WORK REQUIRED: Output the lines below exactly, please, from the first line until the line with "Esvab • Modern", counting both.

[Scraped caption text data]

::::::::::

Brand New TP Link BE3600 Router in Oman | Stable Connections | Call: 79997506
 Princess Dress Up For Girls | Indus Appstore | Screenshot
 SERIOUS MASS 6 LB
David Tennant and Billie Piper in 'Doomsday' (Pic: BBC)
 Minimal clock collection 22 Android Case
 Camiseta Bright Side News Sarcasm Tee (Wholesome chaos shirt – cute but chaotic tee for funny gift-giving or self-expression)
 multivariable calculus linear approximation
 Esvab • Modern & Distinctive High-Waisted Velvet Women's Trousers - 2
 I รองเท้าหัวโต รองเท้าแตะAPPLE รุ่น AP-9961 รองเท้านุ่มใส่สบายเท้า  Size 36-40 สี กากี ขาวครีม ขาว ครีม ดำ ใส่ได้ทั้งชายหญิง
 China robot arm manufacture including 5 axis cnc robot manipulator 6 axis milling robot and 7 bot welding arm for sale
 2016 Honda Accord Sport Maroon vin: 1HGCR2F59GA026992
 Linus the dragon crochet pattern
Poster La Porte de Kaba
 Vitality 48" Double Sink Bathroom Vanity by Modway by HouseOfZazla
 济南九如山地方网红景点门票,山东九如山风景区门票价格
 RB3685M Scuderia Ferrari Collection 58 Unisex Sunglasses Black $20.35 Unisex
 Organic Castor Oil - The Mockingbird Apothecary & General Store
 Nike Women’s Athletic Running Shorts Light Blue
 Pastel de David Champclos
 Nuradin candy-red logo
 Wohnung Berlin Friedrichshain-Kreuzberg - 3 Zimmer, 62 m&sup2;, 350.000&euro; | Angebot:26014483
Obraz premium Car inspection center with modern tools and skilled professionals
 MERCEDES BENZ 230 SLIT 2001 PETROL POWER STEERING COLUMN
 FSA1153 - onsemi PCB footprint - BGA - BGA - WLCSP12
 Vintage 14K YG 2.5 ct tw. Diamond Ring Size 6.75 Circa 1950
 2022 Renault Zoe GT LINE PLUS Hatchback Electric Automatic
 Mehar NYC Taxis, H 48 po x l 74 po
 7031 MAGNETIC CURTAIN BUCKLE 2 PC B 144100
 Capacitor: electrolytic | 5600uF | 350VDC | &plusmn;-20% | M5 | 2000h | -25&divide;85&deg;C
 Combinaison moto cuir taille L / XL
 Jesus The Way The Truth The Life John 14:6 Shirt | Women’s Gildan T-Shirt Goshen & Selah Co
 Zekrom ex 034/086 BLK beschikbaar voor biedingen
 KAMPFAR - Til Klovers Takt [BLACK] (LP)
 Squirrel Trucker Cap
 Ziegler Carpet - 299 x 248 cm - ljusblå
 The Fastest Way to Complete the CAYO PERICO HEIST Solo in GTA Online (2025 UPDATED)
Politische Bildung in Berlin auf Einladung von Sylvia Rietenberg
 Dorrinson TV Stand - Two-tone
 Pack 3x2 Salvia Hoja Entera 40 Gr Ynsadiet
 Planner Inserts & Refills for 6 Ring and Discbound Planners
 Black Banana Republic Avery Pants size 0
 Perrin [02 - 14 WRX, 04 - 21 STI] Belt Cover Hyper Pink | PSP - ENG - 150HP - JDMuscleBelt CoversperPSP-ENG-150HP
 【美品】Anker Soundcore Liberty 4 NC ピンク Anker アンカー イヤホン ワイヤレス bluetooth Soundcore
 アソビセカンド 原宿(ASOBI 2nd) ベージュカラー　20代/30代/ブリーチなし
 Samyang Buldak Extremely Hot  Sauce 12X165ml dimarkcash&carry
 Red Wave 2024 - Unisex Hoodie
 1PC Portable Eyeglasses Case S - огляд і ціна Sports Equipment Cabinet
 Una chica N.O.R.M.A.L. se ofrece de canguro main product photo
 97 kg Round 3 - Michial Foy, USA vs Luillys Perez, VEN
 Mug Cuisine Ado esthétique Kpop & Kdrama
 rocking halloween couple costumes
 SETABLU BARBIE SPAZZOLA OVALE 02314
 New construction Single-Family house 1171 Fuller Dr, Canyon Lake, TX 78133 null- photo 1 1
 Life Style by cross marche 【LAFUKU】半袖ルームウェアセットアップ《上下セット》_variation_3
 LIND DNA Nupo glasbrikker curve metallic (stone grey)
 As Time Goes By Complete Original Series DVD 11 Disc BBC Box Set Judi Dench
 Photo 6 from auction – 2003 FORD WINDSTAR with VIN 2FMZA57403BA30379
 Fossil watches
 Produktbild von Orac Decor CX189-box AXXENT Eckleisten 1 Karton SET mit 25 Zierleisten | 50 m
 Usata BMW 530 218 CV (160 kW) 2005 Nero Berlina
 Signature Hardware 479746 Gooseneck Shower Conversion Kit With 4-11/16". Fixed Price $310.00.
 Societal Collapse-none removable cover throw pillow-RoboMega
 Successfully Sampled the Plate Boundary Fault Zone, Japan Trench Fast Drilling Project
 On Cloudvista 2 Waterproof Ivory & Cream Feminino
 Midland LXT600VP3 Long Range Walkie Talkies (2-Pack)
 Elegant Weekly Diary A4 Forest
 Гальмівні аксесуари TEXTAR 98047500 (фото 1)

::::::::::

ANSWER TO THIS PROBLEM:
Brand New TP Link BE3600 Router in Oman | Stable Connections | Call: 79997506
 Princess Dress Up For Girls | Indus Appstore | Screenshot
 SERIOUS MASS 6 LB
David Tennant and Billie Piper in 'Doomsday' (Pic: BBC)
 Minimal clock collection 22 Android Case
 Camiseta Bright Side News Sarcasm Tee (Wholesome chaos shirt – cute but chaotic tee for funny gift-giving or self-expression)
 multivariable calculus linear approximation
 Esvab • Modern & Distinctive High-Waisted Velvet Women's Trousers - 2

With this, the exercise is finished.